*ACTIVITY*
Retype, exactly and with both ends included, the lines below from the one containing "This really has" through the end; omit the pictures.

*EXTRACTED MATERIAL*
*** Block opens ***

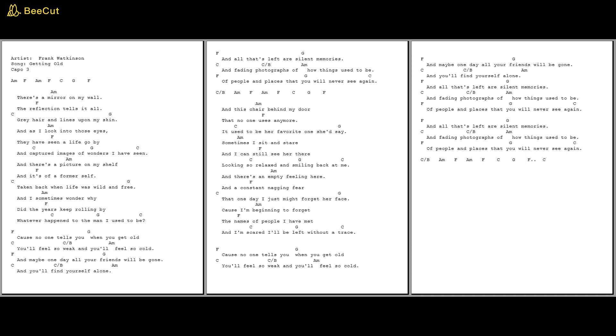There's a mirror on my wall, the reflection tells it all. Grey hair and lines upon my skin.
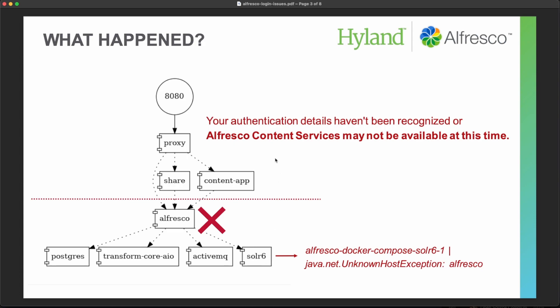In this case, what happens is that SER and content application are trying to connect with the Alfresco service and this is not working. So you can see this error on screen.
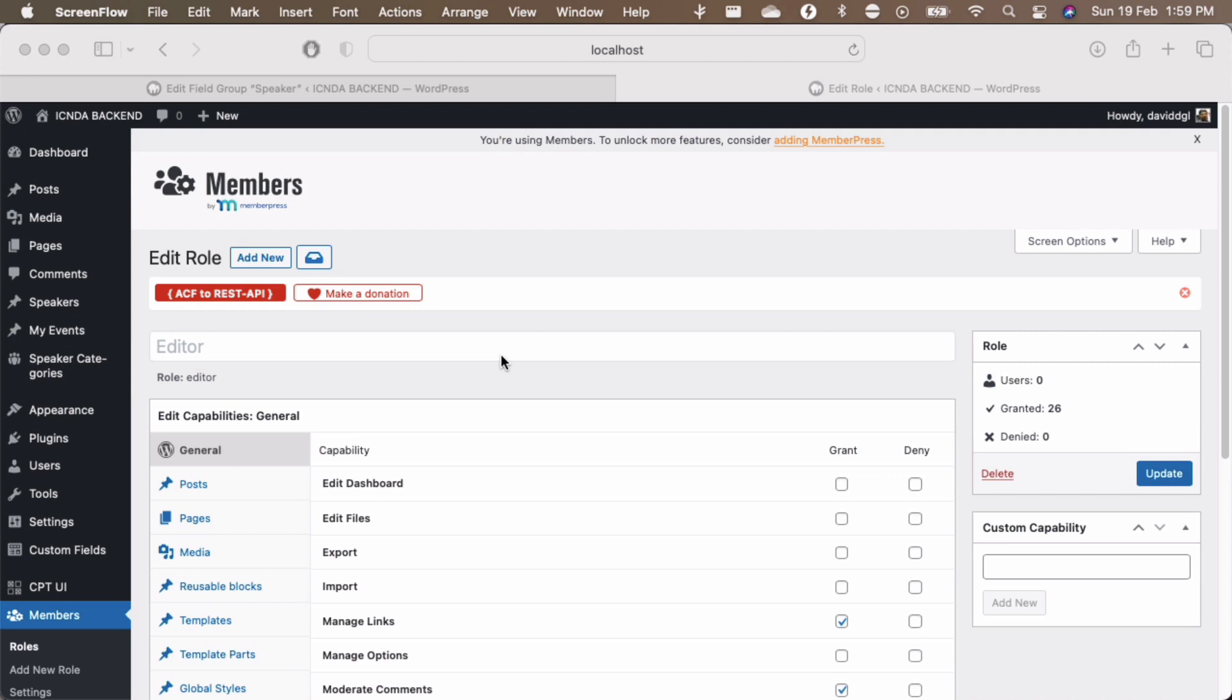Hi everyone, as you can see in my dashboard I have a speakers custom post type over here, my events and then speakers category.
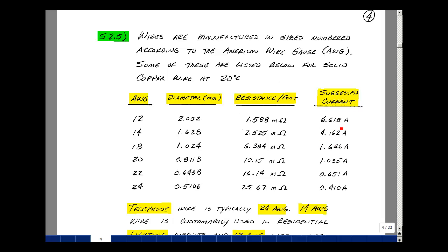This really has to do with the heating of the wire. In other words, if you remember that power is I squared times R, if you take this current and square it and multiply by the resistance, you'd get about 70 milliwatts per foot. Over here, you'd get about 44 milliwatts per foot. So as the wire gauge increases, the diameter decreases, the resistance increases, and the suggested current decreases.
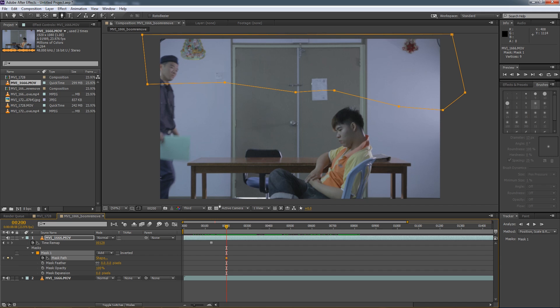All right, that is it for part one of this tutorial. Please stay tuned for part two where I will talk about how to remove a boom pole from a handheld shot where the frame is not static and the frame is sort of moving around. So that is it, everyone. Stay tuned for part two. Thank you very much for watching. I will see you in the next video.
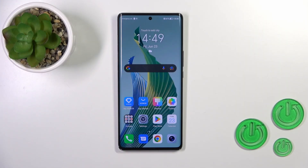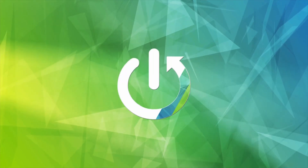Hi, today I'm reviewing the Honor Magic 5 Lite and I'll show you how to add or remove home screen widgets on this device.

*** Block closes ***

*SOLUTION TO THIS TASK*
This really has to do with the heating of the wire. In other words, if you remember that power is I squared times R, if you take this current and square it and multiply by the resistance, you'd get about 70 milliwatts per foot. Over here, you'd get about 44 milliwatts per foot. So as the wire gauge increases, the diameter decreases, the resistance increases, and the suggested current decreases.
All right, that is it for part one of this tutorial. Please stay tuned for part two where I will talk about how to remove a boom pole from a handheld shot where the frame is not static and the frame is sort of moving around. So that is it, everyone. Stay tuned for part two. Thank you very much for watching. I will see you in the next video.
Hi, today I'm reviewing the Honor Magic 5 Lite and I'll show you how to add or remove home screen widgets on this device.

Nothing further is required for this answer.